'''

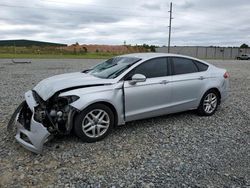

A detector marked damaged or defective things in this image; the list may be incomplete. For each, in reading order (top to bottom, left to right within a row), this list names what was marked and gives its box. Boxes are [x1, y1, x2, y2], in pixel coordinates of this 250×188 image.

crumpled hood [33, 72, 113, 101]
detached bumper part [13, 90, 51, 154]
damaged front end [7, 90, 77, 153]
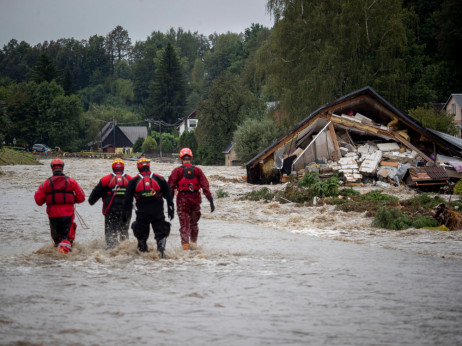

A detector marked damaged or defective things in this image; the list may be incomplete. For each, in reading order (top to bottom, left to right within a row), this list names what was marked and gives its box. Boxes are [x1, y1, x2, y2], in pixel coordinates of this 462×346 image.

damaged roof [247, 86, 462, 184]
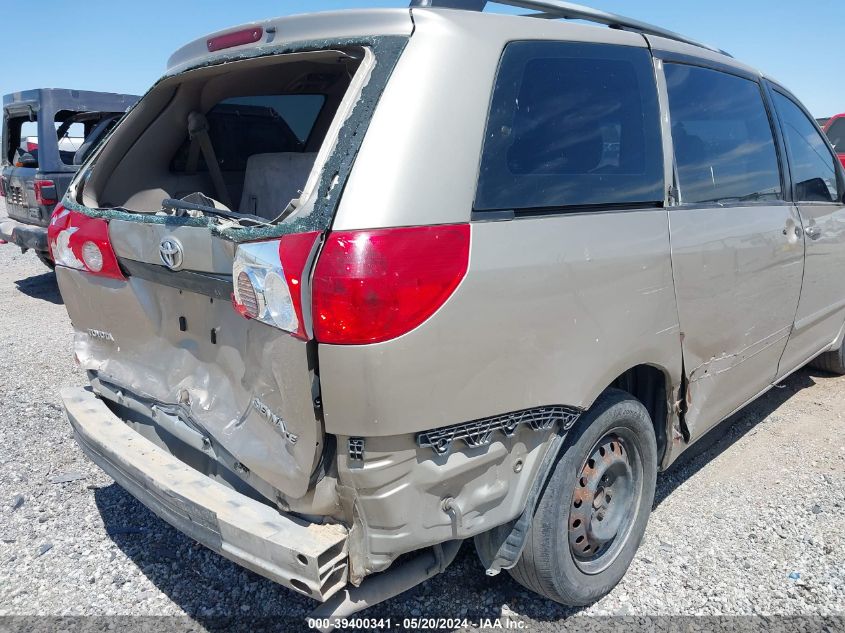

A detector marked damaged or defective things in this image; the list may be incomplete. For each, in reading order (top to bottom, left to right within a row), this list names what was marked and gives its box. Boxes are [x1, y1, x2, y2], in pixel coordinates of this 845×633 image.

'''

Write out the lines from the line with "this 462×346 image." through the end of the records exactly; do not include pictures or any other lines.

» **Response area**:
A detector marked damaged or defective things in this image; the list may be incomplete. For each, in reading order (top to bottom, left to right within a row), this list names what was marked and gives its box. Boxes are [x1, y1, x2, y2], in pixel coordinates of this 462×346 image.

damaged roof [247, 86, 462, 184]

A detector marked damaged or defective things in this image; the list may be incomplete. For each, in reading order (top to bottom, left to right within a row), this list names what was marked and gives its box. Boxes are [x1, y1, x2, y2], in pixel coordinates of this 845×633 image.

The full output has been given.